* _What is required_: In the entries that follow, find the line containing "Plant Live Plants"; from there, copy every line exactly through the line containing "Pink and white".

----

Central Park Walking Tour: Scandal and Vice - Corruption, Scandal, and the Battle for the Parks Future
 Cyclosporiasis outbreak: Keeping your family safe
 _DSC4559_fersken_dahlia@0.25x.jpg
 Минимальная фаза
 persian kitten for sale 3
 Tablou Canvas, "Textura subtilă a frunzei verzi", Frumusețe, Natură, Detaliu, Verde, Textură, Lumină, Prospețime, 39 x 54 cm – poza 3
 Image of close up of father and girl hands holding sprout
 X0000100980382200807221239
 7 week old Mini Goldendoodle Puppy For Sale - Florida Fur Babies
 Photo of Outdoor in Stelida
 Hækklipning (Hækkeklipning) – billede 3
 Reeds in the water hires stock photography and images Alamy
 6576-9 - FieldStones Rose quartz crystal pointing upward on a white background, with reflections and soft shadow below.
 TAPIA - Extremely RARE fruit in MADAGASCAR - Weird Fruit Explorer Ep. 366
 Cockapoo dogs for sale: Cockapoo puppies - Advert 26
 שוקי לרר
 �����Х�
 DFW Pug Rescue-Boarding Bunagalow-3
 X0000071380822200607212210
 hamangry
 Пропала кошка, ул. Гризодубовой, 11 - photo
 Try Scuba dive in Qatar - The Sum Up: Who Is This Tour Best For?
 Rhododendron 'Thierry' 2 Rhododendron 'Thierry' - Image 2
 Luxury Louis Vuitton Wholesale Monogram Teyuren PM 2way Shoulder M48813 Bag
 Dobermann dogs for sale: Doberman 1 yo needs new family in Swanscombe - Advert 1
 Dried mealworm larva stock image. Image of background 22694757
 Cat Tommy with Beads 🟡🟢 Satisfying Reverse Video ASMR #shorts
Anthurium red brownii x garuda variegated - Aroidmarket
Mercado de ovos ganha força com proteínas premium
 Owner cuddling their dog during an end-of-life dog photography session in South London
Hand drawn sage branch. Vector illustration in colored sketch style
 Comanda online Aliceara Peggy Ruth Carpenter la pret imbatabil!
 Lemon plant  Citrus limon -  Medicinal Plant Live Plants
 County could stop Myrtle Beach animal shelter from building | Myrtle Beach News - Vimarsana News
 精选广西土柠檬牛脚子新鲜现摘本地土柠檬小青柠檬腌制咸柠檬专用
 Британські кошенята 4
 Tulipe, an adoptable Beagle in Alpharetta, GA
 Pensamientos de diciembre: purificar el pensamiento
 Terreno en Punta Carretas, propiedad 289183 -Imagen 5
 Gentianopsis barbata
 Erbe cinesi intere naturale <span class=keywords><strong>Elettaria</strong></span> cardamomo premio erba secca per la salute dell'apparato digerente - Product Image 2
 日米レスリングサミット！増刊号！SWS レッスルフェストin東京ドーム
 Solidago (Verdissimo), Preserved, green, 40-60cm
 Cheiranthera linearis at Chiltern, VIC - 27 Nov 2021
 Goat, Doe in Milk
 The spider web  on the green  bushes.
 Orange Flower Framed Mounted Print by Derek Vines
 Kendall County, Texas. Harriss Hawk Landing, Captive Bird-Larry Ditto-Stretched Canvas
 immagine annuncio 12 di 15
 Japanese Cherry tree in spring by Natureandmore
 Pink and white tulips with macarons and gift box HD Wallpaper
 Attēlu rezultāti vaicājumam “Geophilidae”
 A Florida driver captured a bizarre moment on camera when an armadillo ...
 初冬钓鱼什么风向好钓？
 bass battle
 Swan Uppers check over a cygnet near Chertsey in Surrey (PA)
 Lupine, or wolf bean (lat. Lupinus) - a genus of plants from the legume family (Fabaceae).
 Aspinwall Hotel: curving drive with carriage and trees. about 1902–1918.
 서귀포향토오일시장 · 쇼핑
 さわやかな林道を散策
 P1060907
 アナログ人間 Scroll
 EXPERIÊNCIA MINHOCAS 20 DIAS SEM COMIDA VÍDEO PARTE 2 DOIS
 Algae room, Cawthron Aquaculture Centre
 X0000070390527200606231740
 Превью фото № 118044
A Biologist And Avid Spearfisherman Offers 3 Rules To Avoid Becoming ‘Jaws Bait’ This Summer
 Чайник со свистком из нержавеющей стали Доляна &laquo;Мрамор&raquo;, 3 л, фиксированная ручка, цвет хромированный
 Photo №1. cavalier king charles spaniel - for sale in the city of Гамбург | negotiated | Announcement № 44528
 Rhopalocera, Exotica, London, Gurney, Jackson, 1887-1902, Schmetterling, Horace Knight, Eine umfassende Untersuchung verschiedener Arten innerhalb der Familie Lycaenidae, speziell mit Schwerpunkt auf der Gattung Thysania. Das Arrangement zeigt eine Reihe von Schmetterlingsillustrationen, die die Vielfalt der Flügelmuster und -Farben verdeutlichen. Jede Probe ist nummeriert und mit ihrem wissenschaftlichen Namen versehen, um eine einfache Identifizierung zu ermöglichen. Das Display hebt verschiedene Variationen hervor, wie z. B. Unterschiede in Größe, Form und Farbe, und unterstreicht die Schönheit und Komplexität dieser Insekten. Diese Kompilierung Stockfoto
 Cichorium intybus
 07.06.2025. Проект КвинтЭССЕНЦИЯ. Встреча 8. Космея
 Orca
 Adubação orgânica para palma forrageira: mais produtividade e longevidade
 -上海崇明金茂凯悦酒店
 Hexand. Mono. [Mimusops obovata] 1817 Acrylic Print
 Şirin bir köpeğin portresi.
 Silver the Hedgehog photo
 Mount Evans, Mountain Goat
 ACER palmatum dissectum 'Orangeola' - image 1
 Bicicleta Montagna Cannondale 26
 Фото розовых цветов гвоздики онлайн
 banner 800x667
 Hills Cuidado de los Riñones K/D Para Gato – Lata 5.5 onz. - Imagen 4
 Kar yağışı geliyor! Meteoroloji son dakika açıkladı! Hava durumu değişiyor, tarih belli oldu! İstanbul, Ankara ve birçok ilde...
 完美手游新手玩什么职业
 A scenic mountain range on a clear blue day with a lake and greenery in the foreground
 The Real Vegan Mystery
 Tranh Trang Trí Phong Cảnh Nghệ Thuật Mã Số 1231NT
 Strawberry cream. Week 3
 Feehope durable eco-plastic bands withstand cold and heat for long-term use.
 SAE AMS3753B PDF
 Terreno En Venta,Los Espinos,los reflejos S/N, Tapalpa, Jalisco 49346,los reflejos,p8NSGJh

----

* _Output for this exercise_:
 Lemon plant  Citrus limon -  Medicinal Plant Live Plants
 County could stop Myrtle Beach animal shelter from building | Myrtle Beach News - Vimarsana News
 精选广西土柠檬牛脚子新鲜现摘本地土柠檬小青柠檬腌制咸柠檬专用
 Британські кошенята 4
 Tulipe, an adoptable Beagle in Alpharetta, GA
 Pensamientos de diciembre: purificar el pensamiento
 Terreno en Punta Carretas, propiedad 289183 -Imagen 5
 Gentianopsis barbata
 Erbe cinesi intere naturale <span class=keywords><strong>Elettaria</strong></span> cardamomo premio erba secca per la salute dell'apparato digerente - Product Image 2
 日米レスリングサミット！増刊号！SWS レッスルフェストin東京ドーム
 Solidago (Verdissimo), Preserved, green, 40-60cm
 Cheiranthera linearis at Chiltern, VIC - 27 Nov 2021
 Goat, Doe in Milk
 The spider web  on the green  bushes.
 Orange Flower Framed Mounted Print by Derek Vines
 Kendall County, Texas. Harriss Hawk Landing, Captive Bird-Larry Ditto-Stretched Canvas
 immagine annuncio 12 di 15
 Japanese Cherry tree in spring by Natureandmore
 Pink and white tulips with macarons and gift box HD Wallpaper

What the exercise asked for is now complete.